SCANDAL (Akira Kurosawa, 1950)
Film Forum
209 West Houston St.
Sunday, January 24, 3:10, 5:20, 7:30, 9:40
(Kurosawa Festival continues through February 18)
212-727-8110
www.filmforum.org
When two famous people are caught together at a hotel in the mountains, a scandal breaks out as a lurid gossip magazine prints their picture and makes up a sordid romance that is not true. With their reputations tainted, they consider suing the publication, but they run into problems with their ragtag lawyer, who has a bit of a gambling problem. Akira Kurosawa regular Toshirô Mifune stars as Ichiro Aoye, a well-known painter who likes smoking pipes and riding his flashy motorcycle. Yoshiko Yamaguchi is Miyaka Saijo, a timid pop singer who is terrified of the unwanted publicity.

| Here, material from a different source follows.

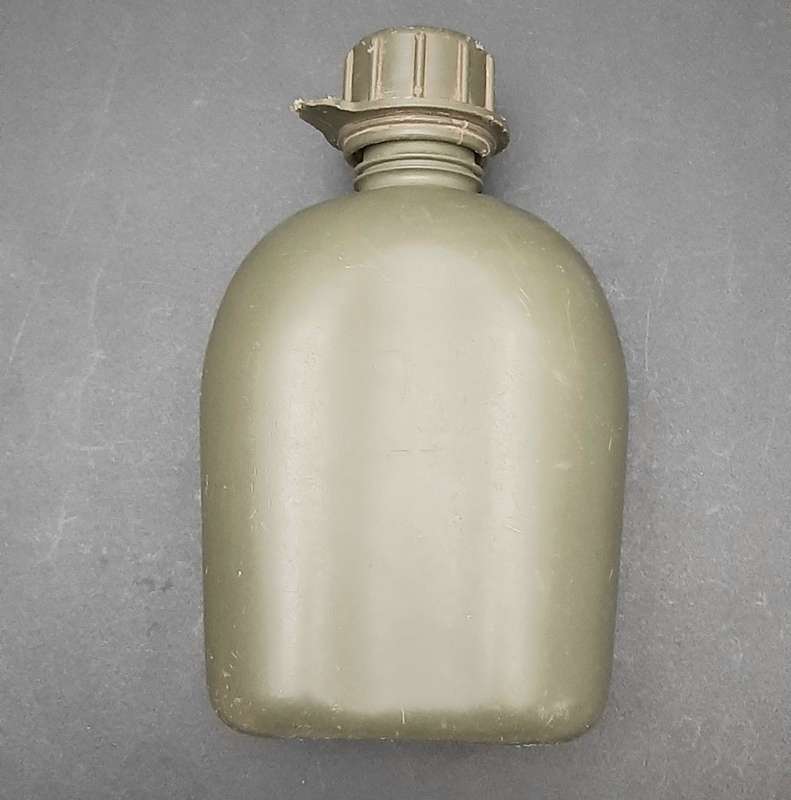 **Border War : 1980s SADF 1L Green Waterbottle (USED).**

And Takashi Shimura is Hiruta, the struggling lawyer devoted to his young daughter, who is dying of TB. The first half of the movie is involving right from the roaring opening-titles sequence, with good characterization and an alluring story line. Unfortunately, the film bogs down in the second half, especially during the hard-to-believe courtroom scenes, the only ones of Kurosawa’s career. And the Christmas bit is tired and cliché-ridden, even if might have been unique at the time for a film made in postwar Japan. But Kurosawa’s attack on the media is still valid today, even if he did fill it with sappy melodrama.